とりあえず始めてみます老いじたく

ねんきん定期便をきっかけに老活してみることに

故郷は遠きにありて思うもの

”故郷は遠きにありて思うもの
そして悲しくうたふもの
よしや
うらぶれて異土の乞食となるとても
帰るところにあるまじや”

確か、高校の国語の教科書に載ってましたっけ。
室生犀星の有名な詩ですね。
最後の行をふざけて

”帰るところにアルマジロ

って覚えてて、いざ試験に出たときに、あれ?あれ?本当は何だったっけ?
って焦るのが、受験生のあるあるでした。

この詩を国語の教科書に採用した文科省の偉い人たちは、一体ナニを高校生どもに教えたくて載せたのかしら。
この詩を読まされていた頃は、
『ふーん、年取ったらこういう気分になるのだろうな、多分』
くらいの感想しか持たなかったな。

最後の天皇誕生日
ちょうど三連休になったのを利用して、母親の家に行っておりました。
そして、しみじみ思うこと。

もうこの歳になると実家というのは、のんびりゆったりするところではなく、半分妖怪と化しつつある親との終わりなき戦いの場、なのだと。

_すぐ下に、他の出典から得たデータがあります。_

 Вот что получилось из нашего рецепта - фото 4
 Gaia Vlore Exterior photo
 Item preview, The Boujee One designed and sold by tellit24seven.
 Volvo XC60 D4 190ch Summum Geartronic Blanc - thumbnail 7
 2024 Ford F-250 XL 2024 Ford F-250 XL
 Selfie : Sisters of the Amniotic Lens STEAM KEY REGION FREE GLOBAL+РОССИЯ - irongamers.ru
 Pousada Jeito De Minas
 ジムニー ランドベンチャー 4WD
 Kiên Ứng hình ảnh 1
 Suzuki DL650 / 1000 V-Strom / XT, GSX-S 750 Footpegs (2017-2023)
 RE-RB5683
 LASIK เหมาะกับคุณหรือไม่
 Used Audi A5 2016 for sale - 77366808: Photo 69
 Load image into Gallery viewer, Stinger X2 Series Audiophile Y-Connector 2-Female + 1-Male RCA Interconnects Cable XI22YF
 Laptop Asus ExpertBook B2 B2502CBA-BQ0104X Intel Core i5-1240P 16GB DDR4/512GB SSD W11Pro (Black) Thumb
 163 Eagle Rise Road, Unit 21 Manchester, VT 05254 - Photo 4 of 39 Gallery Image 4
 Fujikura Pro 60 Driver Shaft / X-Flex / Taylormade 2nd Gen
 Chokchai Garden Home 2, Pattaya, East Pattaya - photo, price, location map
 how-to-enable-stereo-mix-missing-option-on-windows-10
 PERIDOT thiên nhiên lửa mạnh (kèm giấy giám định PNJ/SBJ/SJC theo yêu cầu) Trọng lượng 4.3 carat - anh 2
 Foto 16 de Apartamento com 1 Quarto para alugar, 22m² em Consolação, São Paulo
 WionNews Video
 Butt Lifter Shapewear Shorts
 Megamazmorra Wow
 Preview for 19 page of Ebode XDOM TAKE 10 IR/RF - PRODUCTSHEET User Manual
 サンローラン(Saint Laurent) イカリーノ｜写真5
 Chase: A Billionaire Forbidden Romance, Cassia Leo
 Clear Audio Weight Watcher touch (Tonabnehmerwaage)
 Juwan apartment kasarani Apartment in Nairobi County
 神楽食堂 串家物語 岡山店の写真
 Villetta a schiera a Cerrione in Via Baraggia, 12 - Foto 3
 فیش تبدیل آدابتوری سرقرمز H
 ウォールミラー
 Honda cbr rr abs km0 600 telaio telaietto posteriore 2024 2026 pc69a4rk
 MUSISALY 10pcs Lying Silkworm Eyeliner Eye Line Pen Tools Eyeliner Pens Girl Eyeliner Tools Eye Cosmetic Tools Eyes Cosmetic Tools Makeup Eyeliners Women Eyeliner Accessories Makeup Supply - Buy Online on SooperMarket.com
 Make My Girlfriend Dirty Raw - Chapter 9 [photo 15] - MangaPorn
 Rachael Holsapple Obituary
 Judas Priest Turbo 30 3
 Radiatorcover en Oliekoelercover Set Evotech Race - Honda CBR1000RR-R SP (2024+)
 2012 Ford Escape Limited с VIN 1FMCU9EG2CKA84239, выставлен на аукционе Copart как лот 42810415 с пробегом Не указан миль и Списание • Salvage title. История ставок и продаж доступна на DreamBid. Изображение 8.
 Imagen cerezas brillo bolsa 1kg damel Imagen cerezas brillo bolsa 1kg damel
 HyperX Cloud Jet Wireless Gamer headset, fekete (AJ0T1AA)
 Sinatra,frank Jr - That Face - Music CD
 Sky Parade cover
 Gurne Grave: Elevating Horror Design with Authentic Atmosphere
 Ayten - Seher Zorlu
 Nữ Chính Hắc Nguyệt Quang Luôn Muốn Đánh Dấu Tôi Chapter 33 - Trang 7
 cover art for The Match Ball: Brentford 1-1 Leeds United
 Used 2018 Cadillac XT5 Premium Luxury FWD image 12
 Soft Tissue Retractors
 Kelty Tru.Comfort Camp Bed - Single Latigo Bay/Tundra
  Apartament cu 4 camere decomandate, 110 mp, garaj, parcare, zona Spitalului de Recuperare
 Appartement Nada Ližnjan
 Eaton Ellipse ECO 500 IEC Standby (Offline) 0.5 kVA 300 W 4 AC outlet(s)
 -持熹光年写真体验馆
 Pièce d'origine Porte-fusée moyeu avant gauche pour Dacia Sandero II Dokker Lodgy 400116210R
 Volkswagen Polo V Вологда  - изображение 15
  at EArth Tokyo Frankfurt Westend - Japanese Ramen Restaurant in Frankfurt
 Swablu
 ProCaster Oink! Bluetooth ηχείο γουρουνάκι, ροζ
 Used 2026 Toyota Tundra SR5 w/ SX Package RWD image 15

今回のミッションは、母の要請で階段に手すりをつけたり、トイレの内装を綺麗にしたり。
素人さんのDIYでできる範囲のことですが、あれこれやってまいりました。
主に施工したのは相方のおじさん。
インパクトドライバーとノコギリがあれば、大抵のことはこなしてくれる便利屋さんです。

そして、彼が黙々と作業をする合間に、私と娘と母との三代にわたる女たちは、長い年月の間に母が溜め込んだ一家のあれやこれやを整理する。

毎年やっていることとはいえ、相変わらず出てくる怪しい、付喪神となりつつあるガラクタの数々に、めまいがしてきます。

さて、今回の戦いの場は台所。
恐ろしくて、今まで手を出しかねていましたが、可愛い孫娘のいうことなら比較的聞く耳を持つ母のこと、娘の協力を得て、ついに禁断の場を暴くことにしたのでした。

もうね、子虫たちが生まれた年と同じ年の賞味期限が記載された調味料とか、いつからそこに置かれていたかわからない梅酒とか。
きっと、どのご家庭にもこういうものって、死蔵されているものなんですよね。
ええ、そうですよね?
うちだけじゃない、ですよね?

整理し始めは、調子よく『ああ、これももういらないわね』『これはもう捨てよう』などと言っていた癖に、だんだん考えるのが面倒になったのか、
『やっぱり置いておいて、後で考えるから』
と、言い出す母。

いや、いくら考えてもどうせ捨てるしかなかろうもん。
と言いたいけど、ここはトシヨリを尊重して、
『じゃあ、こっちに選り分けておくから』
と答える私。

挙げ句の果てに、モノが散乱した床を見て『居るところもない』と嫌味ったらしく嘆いてみせる。
いやいや、散らかしたの貴女だから!という言葉を飲み込んで、
『なら、ここにあるだけでも片付けようか』
と、譲歩する私。

相手のご機嫌と体力に気を使い、何が悲しゅうて、この見るからに取っておく価値の無いモノを大切に選り分けねばならんのか。
さくっと棄てられたらどんなに楽だろう。

なんとか説得し、なだめすかして不用品を選り分け、収納を整理して作ったスペースに、こちらの隙をついてせっせとものを詰め込む”妖怪・隙間婆”。

毎回、これをやるたびに『こんな不毛なこと、2度としない!!』と心に叫ぶのですが、やらないわけにはいかないしな。

こうして戦いの日は暮れて、くたびれ果てて、ちょっとギスギスしてお互い仲も悪くなって終わる。

やっぱり、故郷は遠くにありて思うもの。
〜中略〜
帰るところにアルマジロ





ネットで調べたら、室生犀星もこの詩を作ったのは、故郷に帰っていた時だそうですね。
やっぱり、同じような心境だったのかしら。